I quite agree. I discussed this back with Larry (in PMs at Rybka forum) when you were first tossing this idea around. I had thought I had a few ideas for how to tweak the search, but the robustness in eval stays. Actually, now that I think of, the later IvanHoes have some sort of "randomiser", which merely seems to perturb the eval by some amount (I'd have to check the details). Maybe I can test eval versus perturbed-eval to see how much noise one needs to create to get an effect. I also think taking (at least the open-source) engines and cross-comparing correlations from evaluate() with go movetime 100 is a useful experiment.The tester seems to very clearly identify strong correlations between the playing styles of programs and it does this better than I had hoped.

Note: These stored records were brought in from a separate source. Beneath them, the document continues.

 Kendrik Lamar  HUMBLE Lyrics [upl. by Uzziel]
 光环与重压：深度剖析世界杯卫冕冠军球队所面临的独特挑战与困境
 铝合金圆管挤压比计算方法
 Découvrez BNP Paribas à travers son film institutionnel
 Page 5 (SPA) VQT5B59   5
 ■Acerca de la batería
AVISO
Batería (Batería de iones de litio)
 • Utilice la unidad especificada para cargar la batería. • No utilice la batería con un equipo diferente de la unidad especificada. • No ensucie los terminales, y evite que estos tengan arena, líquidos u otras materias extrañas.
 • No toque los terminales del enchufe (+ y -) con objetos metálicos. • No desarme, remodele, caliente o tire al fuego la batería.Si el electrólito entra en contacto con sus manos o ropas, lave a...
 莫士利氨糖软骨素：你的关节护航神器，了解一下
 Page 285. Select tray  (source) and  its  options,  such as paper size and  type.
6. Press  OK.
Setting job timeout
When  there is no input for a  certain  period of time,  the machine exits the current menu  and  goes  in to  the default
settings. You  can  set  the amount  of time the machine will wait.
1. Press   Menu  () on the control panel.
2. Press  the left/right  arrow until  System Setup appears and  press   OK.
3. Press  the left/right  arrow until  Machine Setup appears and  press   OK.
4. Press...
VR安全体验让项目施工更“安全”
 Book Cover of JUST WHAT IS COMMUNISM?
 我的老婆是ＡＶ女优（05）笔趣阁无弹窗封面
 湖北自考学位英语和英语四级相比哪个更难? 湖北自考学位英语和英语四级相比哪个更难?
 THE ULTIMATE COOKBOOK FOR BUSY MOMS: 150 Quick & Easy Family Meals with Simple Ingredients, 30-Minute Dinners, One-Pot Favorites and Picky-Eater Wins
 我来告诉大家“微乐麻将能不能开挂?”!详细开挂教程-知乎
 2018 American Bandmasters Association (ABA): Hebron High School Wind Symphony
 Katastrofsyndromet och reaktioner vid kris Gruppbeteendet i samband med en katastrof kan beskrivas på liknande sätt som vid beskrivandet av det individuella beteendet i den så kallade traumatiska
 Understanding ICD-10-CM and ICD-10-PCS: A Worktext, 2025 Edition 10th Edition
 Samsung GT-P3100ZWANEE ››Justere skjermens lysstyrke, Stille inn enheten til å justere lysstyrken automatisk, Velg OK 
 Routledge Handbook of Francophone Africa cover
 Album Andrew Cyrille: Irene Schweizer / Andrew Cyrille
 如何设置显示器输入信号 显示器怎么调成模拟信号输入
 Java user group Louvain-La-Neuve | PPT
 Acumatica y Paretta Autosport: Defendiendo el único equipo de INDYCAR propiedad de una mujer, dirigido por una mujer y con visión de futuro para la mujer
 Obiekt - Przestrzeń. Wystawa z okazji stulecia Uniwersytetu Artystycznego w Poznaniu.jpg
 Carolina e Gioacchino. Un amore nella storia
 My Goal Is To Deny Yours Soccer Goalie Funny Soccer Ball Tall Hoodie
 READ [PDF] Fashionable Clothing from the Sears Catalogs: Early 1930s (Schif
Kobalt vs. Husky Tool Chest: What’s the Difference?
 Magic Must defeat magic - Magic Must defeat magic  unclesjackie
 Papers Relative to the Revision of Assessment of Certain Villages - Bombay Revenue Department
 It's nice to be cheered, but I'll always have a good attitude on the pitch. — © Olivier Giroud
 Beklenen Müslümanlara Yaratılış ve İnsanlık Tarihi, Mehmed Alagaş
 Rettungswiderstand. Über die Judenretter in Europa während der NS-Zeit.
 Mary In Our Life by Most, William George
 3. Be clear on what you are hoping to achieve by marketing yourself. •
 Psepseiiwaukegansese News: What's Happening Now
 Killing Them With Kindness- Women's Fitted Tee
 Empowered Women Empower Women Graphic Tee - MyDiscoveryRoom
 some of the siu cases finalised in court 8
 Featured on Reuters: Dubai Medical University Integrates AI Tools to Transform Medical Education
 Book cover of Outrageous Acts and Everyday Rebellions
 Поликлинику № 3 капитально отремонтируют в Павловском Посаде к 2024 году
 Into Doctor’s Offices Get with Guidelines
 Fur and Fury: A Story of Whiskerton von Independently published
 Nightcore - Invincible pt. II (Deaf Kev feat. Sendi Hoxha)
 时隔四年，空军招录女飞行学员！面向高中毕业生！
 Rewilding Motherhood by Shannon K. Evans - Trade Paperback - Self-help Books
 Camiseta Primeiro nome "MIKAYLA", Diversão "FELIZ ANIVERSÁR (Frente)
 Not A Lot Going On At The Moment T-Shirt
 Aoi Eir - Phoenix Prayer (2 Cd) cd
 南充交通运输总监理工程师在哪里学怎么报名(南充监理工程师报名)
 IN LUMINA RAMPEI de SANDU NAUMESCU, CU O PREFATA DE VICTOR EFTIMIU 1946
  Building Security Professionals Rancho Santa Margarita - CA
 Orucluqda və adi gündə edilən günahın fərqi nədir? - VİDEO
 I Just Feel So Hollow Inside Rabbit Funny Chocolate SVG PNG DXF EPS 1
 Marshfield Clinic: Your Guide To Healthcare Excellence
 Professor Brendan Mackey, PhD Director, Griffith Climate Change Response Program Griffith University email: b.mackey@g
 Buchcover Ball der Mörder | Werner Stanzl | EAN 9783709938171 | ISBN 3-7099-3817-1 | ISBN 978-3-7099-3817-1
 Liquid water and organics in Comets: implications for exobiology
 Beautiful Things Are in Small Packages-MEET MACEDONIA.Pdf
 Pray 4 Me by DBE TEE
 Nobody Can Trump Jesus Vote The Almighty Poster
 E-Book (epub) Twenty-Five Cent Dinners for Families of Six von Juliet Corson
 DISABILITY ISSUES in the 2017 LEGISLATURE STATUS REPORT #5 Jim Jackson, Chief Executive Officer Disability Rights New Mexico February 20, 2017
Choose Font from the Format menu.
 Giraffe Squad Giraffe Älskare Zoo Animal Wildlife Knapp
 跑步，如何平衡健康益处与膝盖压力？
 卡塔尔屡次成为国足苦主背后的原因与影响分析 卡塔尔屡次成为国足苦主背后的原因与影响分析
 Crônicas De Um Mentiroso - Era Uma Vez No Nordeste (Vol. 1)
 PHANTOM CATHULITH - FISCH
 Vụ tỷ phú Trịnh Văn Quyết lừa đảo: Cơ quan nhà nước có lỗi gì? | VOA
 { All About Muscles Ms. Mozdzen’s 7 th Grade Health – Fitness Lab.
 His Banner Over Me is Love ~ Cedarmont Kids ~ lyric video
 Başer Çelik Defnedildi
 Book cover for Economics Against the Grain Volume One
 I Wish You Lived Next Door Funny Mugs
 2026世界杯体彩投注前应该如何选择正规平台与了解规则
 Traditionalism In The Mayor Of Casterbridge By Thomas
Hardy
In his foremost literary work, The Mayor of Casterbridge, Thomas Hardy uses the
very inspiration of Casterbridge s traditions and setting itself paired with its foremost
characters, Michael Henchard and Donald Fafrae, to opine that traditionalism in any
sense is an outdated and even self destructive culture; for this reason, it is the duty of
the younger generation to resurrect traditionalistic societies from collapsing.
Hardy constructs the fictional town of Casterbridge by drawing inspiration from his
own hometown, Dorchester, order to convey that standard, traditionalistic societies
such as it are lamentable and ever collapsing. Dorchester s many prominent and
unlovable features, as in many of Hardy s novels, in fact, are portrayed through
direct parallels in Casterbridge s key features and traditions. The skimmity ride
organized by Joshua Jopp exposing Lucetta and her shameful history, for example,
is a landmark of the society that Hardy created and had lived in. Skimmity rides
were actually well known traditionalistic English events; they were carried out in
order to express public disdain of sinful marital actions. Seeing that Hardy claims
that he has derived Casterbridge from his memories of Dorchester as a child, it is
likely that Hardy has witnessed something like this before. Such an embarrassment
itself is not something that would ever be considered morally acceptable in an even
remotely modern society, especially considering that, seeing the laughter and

One thing I like about fixed depth is that there's no dispute about what the "default" level of matching is (at least w/o SMP). I'm not sure this outweighs any negatives. Given that the time alloted appears to be a secondary factor, I would opt for whichever is easier. One issue with using "stop" (which does improve on "go movetime" I agree) is how the OS does time slicing with a "waiting" process (typically I think these are 1/100 of a second in Linux). As noted in the Stockfish discussion, you can still hit a "polling" discretisation behaviour when I/O is only checked every 30K nodes and the search is taking maybe 5 times this amount. If nothing else, as with any experiment, there needs to be some quality control.
One question I have about all of this: can this detect specific overlap in evaluation features, or is it more about evaluation numerology?